→ **WORK ITEM**
Each line of the listing where the string "doing" appears is to be identified and copied.

- Opening Delimiter -

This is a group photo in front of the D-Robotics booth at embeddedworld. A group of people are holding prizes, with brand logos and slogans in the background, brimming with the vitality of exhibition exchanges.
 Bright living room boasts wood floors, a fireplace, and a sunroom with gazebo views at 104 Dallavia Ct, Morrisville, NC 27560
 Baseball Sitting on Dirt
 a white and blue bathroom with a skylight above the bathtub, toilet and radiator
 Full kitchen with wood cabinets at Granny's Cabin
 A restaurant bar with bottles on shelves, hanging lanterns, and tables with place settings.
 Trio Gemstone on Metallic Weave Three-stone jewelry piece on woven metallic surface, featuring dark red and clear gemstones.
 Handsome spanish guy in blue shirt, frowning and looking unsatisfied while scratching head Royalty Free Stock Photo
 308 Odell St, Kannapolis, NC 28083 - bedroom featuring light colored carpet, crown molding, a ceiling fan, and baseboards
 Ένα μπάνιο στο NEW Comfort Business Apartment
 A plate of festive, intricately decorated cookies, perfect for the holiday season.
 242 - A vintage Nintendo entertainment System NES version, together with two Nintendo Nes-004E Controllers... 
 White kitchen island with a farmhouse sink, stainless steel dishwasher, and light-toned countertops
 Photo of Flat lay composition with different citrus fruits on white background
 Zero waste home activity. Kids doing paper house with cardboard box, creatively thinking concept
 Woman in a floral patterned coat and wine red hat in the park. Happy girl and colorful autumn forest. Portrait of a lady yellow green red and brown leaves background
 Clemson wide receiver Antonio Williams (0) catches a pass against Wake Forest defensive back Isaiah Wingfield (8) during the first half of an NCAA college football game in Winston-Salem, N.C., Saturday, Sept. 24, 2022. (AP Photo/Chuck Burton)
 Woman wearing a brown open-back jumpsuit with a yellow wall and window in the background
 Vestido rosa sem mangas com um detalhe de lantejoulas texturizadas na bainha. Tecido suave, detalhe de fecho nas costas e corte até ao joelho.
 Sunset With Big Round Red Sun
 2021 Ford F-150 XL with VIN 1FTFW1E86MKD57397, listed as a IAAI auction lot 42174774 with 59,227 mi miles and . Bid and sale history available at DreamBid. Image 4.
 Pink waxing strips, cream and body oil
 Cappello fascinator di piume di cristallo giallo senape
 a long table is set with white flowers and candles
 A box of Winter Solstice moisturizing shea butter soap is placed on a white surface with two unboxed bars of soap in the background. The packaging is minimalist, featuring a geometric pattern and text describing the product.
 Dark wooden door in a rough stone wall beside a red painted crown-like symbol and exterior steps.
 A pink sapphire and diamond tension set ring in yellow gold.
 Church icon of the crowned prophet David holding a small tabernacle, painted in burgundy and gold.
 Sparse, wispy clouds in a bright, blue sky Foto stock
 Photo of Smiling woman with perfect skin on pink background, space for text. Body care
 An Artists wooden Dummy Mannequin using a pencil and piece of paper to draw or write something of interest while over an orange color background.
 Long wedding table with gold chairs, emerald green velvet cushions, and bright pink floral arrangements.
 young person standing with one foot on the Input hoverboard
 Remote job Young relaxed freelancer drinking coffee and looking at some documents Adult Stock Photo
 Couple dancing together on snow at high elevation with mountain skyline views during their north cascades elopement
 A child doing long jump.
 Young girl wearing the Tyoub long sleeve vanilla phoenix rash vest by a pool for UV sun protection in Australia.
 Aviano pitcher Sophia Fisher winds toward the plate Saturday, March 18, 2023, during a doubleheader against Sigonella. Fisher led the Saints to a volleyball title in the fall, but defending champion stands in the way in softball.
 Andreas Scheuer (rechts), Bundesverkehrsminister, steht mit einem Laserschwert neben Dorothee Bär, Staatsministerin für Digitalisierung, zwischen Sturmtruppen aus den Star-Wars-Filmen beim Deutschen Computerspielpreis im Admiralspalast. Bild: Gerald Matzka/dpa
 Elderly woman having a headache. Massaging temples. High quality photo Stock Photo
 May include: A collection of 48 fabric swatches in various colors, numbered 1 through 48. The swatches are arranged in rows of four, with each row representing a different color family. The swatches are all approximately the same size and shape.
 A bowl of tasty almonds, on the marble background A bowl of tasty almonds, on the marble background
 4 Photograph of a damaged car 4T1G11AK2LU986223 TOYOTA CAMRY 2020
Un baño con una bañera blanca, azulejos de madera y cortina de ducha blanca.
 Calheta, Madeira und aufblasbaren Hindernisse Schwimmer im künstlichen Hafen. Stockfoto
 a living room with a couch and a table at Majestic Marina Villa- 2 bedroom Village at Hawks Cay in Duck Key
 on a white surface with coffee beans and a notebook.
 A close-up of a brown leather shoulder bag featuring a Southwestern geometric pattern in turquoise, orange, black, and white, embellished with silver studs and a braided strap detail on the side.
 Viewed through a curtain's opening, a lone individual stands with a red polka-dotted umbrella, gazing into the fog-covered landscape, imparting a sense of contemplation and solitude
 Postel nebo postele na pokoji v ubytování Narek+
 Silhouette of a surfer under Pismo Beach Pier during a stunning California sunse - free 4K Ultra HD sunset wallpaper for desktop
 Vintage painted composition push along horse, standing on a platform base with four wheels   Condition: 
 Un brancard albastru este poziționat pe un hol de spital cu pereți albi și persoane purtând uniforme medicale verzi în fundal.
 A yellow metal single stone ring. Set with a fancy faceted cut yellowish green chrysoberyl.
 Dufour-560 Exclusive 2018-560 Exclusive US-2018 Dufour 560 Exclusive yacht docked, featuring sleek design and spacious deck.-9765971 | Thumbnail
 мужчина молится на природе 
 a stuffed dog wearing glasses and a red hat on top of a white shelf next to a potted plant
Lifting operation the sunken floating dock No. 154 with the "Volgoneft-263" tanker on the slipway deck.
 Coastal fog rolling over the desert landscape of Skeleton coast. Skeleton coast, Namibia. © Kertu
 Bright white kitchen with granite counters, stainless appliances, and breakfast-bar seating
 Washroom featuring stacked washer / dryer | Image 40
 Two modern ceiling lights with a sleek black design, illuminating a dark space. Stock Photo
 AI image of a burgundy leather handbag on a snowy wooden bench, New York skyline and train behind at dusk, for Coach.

- Closing Delimiter -

→ **ANSWER SECTION**
 Zero waste home activity. Kids doing paper house with cardboard box, creatively thinking concept
 A child doing long jump.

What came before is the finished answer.